A Tale of Two Curries

Cooking together is a ritual that can bind women and men, young and old, past and present. In the process, heritage is kept alive as it continues to nourish people, in local and global contexts.

Photo by Philipp Kämmerer, via Unsplash.

Photo by Philipp Kämmerer, via Unsplash.

‘Like this,’ the old woman says, raking her fingers through red lentils clouding a stream of bottled water. We’re crowded together in the kitchen of the guesthouse I am staying in – consisting of not much more than a single gas burner, a rice cooker, a table, and a shelf full of an array of spices – in a village on the outskirts of Kandy, Sri Lanka. While my hostess demonstrates how she makes the dahl she feeds hungry travellers, her daughter marinates chicken for a second curry. The way the pair dance through their routine tells me they’ve done this many times before, I imagine both in the presence of foreign guests as well as in the comfortable silence of private company. 

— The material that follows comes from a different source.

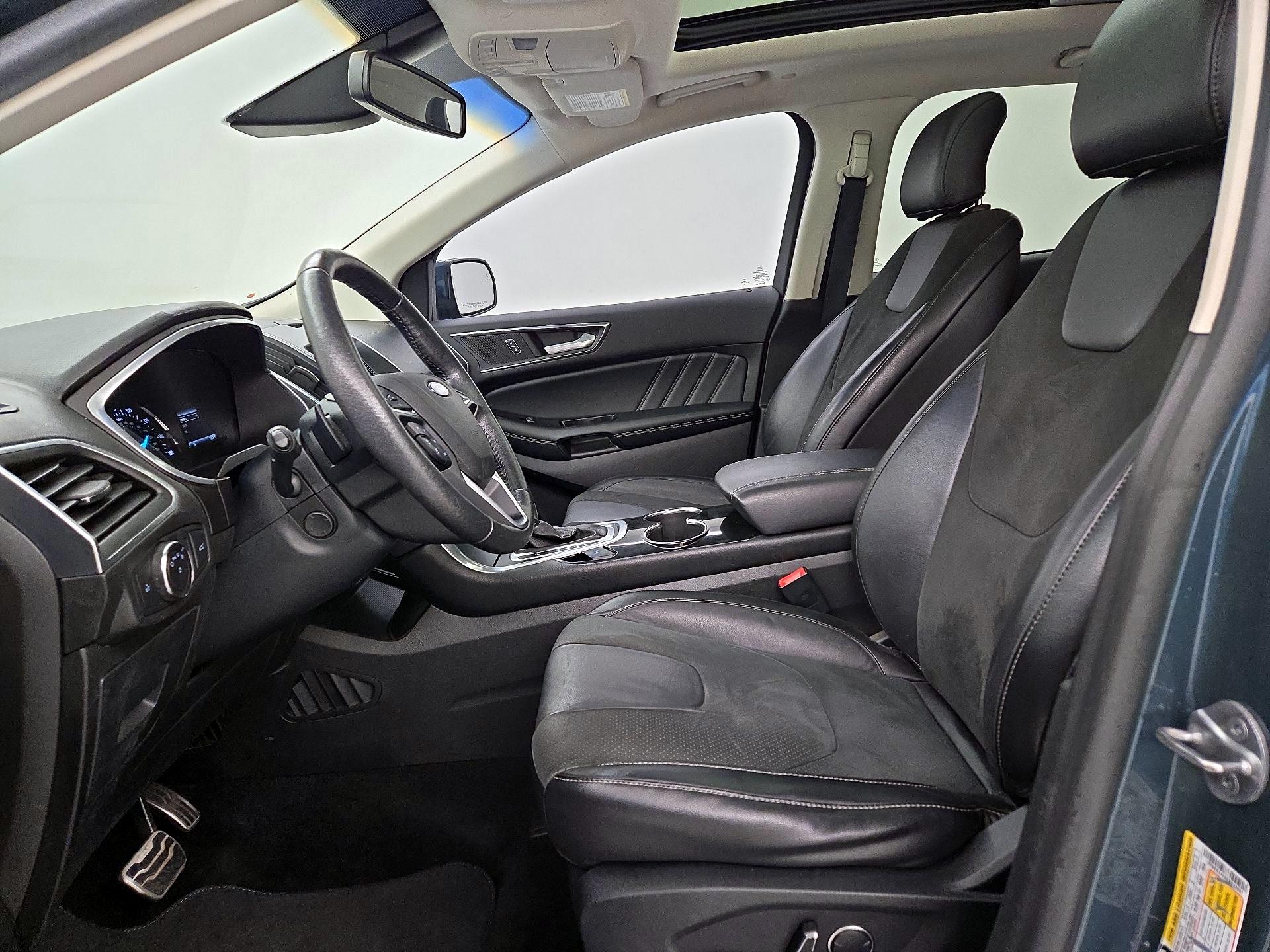 Thumbnail: 2016 Ford Edge - 9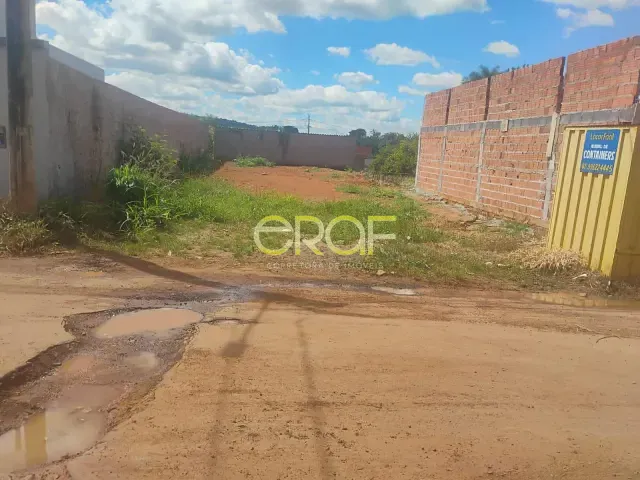 Terreno com 300m², à venda, no bairro Setor Bela Vista em Formosa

The cooking lesson my hostess gave me years ago has evidently stuck with me in memory, and in practise as I try my hand at the recipes I was taught. The preparation of food, after all, is not just a duty performed by people out of necessity but also a ritual cherished across cultures. It can unite the members of a household, each individual playing a role in the making of a meal, from sourcing ingredients to cooking the dishes to laying the table. Though their responsibilities might differ from culture to culture, the collaborative element of preparing to eat together is one that can bind the women and the men, the young and the old, the past and the present.

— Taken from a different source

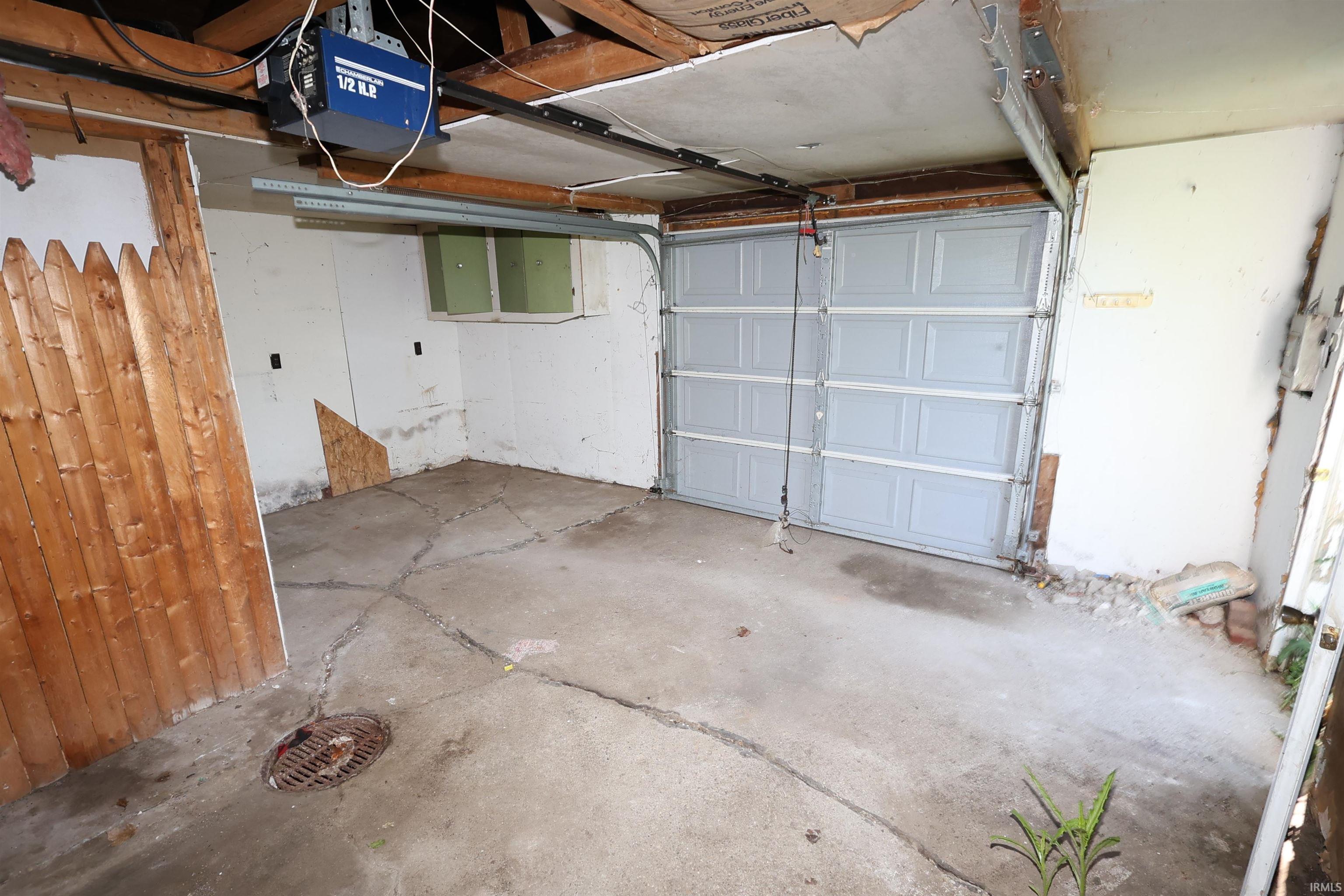 4027 Woodvale Drive South Bend IN 46614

Recipes themselves are more often passed between generations hand to hand rather than neatly written on recipe cards, as grandmothers and grandfathers teach their youngers to simmer and season a dish to perfection. It’s part oral tradition, part ritual, and in this manner, tradition can be maintained; not just the combinations of ingredients which come together in proper proportions, but the act of making something together, whether as a family, community or patchwork group of temporary visitors.

Photo by Roxanne Desgagnés, via Unsplash.

Photo by Roxanne Desgagnés, via Unsplash.

That tradition can then become characteristic of an entire region or country, as can any cultural craft. But culinary customs have an exceptionally special quality, as the tradition can be intimately experienced by family members and foreigners alike. Anyone who participates in local cuisine is invited to taste the past and present of a people in a single bite. As traditional meals feed the bellies and satiate the souls of entire nations and their visitors, tradition is kept alive not only in the art of making the meal, but in those it substantiates in both body and spirit. This is how heritage is kept alive; when it continues to nourish people. 

Heritage is also invited to take a seat at modern tables when the keepers of local traditions share the customs they’ve inherited. When foreigners, for instance, take initiative to learn the ingredients, recipes, etiquette, and conversation that circulate the kitchen in a culture that is not their own and they are permitted to do so, they are offered a glimpse at so much more than just local cuisine. They are being personally introduced to a custom that has preceded even grandmothers’ generations, one that remains alive thanks to conscious dedication to tradition and its maintenance. In this process, which we may be privileged to take part in as we travel, intangible elements of cultural heritage are shared, rehearsed, and solidified, and a magical merger between local and foreign, and between ancestors and today is made possible. 

So it’s no wonder that something more potent than curry spice lingers at the table in Sri Lanka, after we have prepared dinner and sat together to eat. The simple act of cooking and sharing a meal carries far more weight than I then realised, although I could feel it; a sense of being tied together with not only the people in the room but with those who built this tradition so long ago. This invisible connection remains uncompromised by the limited language and experiences people of different walks of life are expected to have in common. And it’s a sentiment I encourage travellers to seek to experience anywhere they go, no matter how far-flung those corners of the globe might be. When we explore culinary traditions and local teachings, we approach the vast and varies nuances that characterise a culture and ultimately participate in the preservation of tradition for generations to come.